Lecture | Tinka Pittoors ‘The Dysideological Principle’ RMIT Design Hub

The Dysideological Principle

Tinka Pittoors

Tinka Pittoors in situ installation - Fort Art - 3D-Drawing, 2012. Wood, plastic, paint, lights dimensions variable. Courtesy the artist and Galerie Triangle Bleu, Stavelot. Photograph: Tinka Pittoors

About Tinka Pittoors

Born 1977 in Brasschaat, Belgium Lives and works in Antwerp, Belgium

Tinka Pittoors originally studied painting at the Royal Academy of Fine Arts, Ghent, before expanding her practice to explore the possibilities of sculpture integrated with drawing, photography, video and installation. Combining a multitude of materials and found objects, Pittoors is known for creating fantastical landscapes and surrealistic miniature worlds that examine ideas of power and utopia. Pittoors finds inspiration in words and is interested in the principle of neologism, where a known word is expanded on and given an additional, alternative meaning. She uses a similar process in the creation of her artworks, taking ordinary, everyday objects and adding new meanings to them. An example of neologism is the word ‘urbicide’, which has roots in the Latin word urbs, meaning ‘city’, and occido, meaning ‘to massacre’. It literally translates as ‘violence against the city’. Originally used in reference to urban restructuring and aggressive redevelopment of an area, the meaning of urbicide has evolved to describe the violence that destroys a city or community, as seen during the wars in Sarajevo, Kosovo and former Yugoslavia.
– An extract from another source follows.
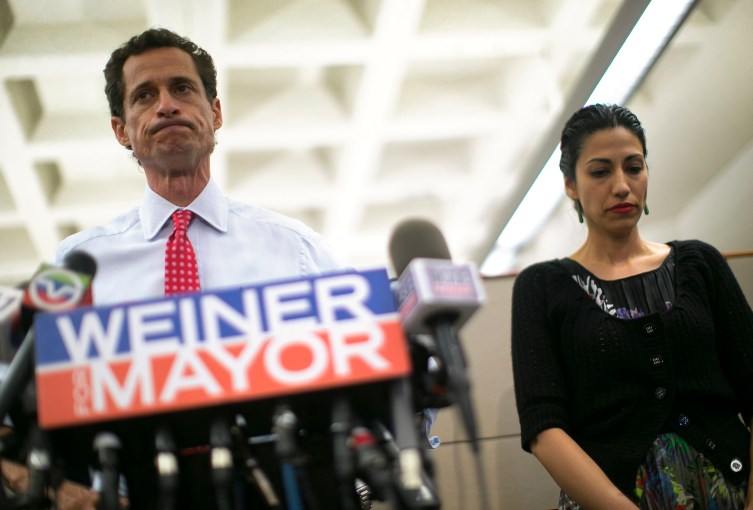 From left: Former New York mayoral candidate Anthony Weiner and his wife Huma Abedin attend a news conference in New York City, on July 23, 2013.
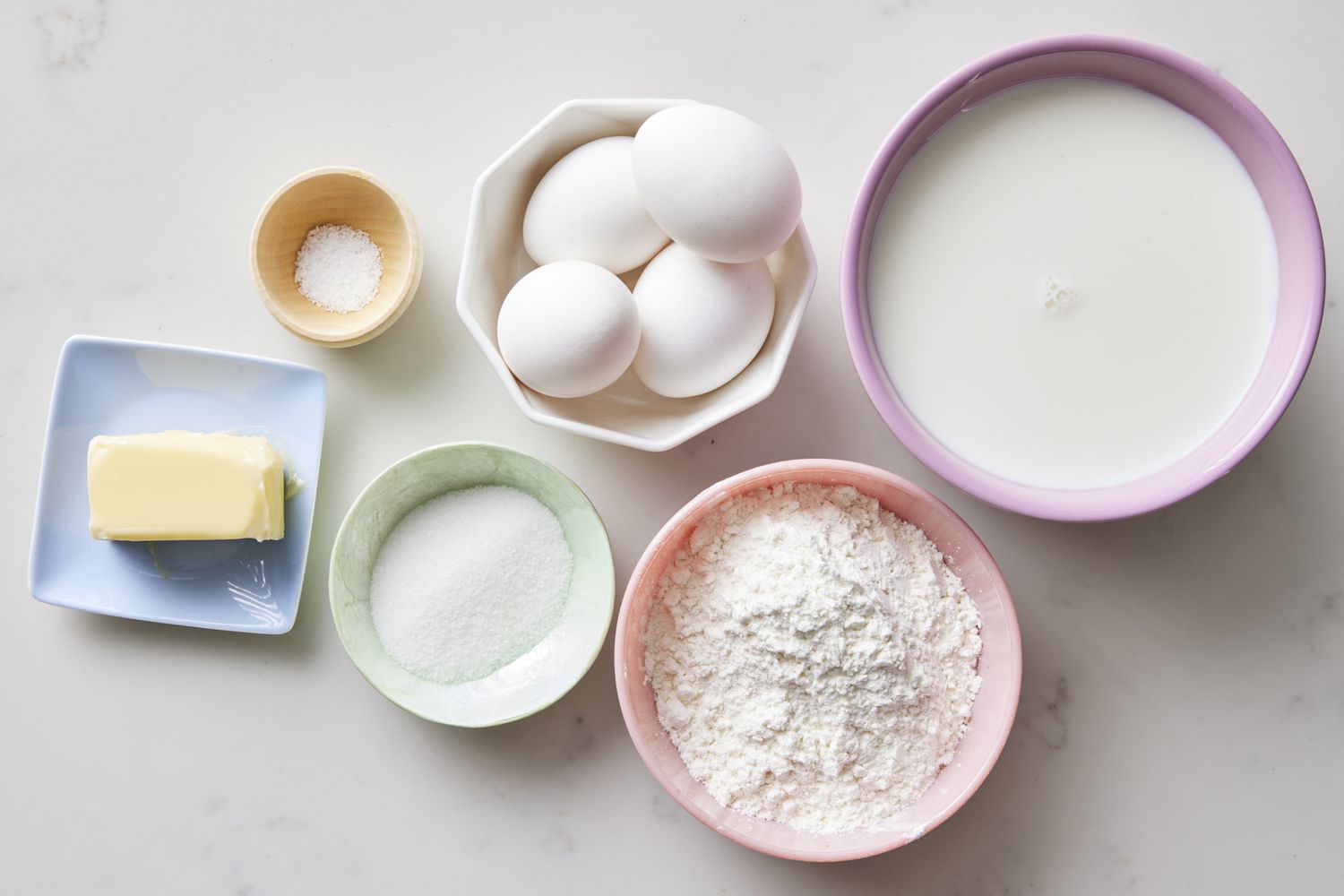 Ingredients for gluten free crepes, butter, eggs, flower, salt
Plastic Territory – Urbicide (2010) is the title of a work Pittoors created in response to her discovery of the term urbicide while participating in a residency at FLACC, Genk. Using a variety of materials and objects including bricks, windmills, marbles, mirrors and textiles, Pittoors created an ephemeral, scaled-down model world which she then filmed by mounting a camera on a toy train that wound its way through the constructed landscape. Watching the video, the viewer is taken on a journey through a seemingly abandoned micro-universe filled with toys, organic elements, industrial structures and concrete ruins, moving from the brightly-coloured nostalgia of childhood to a melancholic contemplation of the artificiality of cities and the increasingly synthetic state of the world we live in.

Tinka Pittoors is in Australia to exhibit at the Biennale of Sydney.